An autonomous drone was used to deliver medical supplies to a remote island in Ireland, according to a report by CNBC.
The delivery shows the promise of the technology, and how delivery drones can change the way rural medicine is provided worldwide. The National University of Ireland (NUI) said the drone traveled from Connemara Airport to Inis Mór, which is connected to the Aran Islands. The endeavor shows “the possibility of future deliveries of this kind within planned drone corridors,” the university said in a statement.
The drone delivered glucagon and insulin and also collected a blood sample from the patient. The Irish Aviation Authority and air space regulators were all involved with the flight.
The university was supported by Vodafone Ireland, which has an Internet of Things (IoT) network in the country and was used to help communicate with the drone. Novo Nordisk supplied the medicine.

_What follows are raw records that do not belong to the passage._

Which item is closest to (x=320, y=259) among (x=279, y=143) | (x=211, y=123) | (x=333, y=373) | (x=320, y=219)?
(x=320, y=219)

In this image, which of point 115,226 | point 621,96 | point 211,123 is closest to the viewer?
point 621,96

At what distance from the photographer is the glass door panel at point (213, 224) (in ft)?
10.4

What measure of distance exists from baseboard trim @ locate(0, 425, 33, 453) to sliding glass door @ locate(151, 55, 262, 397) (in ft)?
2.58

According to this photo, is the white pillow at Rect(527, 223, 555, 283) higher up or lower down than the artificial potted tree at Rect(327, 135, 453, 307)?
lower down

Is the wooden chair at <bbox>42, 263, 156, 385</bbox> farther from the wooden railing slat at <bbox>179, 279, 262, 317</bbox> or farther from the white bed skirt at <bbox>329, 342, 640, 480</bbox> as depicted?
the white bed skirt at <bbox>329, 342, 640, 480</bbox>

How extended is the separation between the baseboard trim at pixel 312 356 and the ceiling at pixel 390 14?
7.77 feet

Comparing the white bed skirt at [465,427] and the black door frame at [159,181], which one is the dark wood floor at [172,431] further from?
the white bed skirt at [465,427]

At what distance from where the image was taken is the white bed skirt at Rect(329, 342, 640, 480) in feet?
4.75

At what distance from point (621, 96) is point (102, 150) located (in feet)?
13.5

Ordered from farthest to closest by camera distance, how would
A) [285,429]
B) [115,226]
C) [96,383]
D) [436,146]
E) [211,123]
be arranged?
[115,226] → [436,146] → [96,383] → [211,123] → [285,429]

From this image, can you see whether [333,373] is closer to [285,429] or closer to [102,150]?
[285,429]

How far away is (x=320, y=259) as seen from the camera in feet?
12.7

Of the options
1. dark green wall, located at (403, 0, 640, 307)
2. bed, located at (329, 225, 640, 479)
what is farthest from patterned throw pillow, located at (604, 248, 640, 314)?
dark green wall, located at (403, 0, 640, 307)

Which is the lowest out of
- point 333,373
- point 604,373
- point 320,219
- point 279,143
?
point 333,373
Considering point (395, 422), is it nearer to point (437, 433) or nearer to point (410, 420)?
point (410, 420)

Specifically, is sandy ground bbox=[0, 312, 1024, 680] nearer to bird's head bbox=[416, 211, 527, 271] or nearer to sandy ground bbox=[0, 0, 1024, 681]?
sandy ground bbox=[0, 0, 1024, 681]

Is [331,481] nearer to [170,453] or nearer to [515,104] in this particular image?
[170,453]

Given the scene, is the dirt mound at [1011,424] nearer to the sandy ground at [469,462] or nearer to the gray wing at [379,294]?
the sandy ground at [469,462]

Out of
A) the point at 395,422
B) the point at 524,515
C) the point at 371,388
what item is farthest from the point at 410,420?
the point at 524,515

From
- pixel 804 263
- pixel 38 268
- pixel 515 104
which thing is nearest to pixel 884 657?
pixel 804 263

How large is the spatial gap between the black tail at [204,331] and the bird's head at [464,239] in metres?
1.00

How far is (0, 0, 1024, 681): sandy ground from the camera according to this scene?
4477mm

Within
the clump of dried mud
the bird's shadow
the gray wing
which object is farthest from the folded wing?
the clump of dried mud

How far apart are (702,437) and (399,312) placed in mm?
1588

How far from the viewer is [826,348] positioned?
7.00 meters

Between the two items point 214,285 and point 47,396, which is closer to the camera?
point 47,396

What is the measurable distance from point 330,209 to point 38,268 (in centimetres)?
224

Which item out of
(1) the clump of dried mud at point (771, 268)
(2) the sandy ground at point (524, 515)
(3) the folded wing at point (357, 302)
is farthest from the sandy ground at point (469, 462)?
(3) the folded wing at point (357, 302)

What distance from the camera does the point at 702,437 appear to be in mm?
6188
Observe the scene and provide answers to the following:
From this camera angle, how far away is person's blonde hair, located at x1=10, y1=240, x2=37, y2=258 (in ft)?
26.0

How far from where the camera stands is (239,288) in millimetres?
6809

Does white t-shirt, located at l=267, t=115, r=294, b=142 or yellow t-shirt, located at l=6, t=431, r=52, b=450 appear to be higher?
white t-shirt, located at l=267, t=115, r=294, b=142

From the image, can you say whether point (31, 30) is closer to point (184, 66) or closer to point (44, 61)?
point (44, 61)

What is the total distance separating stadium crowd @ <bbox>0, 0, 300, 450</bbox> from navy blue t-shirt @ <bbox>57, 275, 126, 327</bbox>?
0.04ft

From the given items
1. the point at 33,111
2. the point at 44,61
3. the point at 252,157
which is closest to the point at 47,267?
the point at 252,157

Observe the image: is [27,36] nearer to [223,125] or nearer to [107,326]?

The specific drone was a Wingcopter 178 Heavy Lift, an all-electric flying vehicle that can travel up to 100 kilometers in an hour. The drone traveled about 22 kilometers each way, according to Debbie Power, Vodafone Ireland’s IoT country manager.
Power said the IoT connectivity helped the drone “adhere to aviation regulatory standards and provides good evidence for further investigation into drone delivery corridor planning, as long-range flights, like this one, can be mapped with our radio frequency network input.”
Drone delivery, according to Hyo-sang Shin from Cranfield University’s Centre for Autonomous and Cyberphysical Systems, could change how healthcare is provided in remote communities.
Zipline, a U.S. company, has been using drones to deliver products like vaccines and blood in Rwanda since 2016. It began using the service in Ghana this year.
UNICEF announced in December that Vanuatu, an island in the South Pacific, was the site where the “world’s first child” got a vaccine delivered via drone. UNICEF said the drone crossed 40 kilometers of mountains.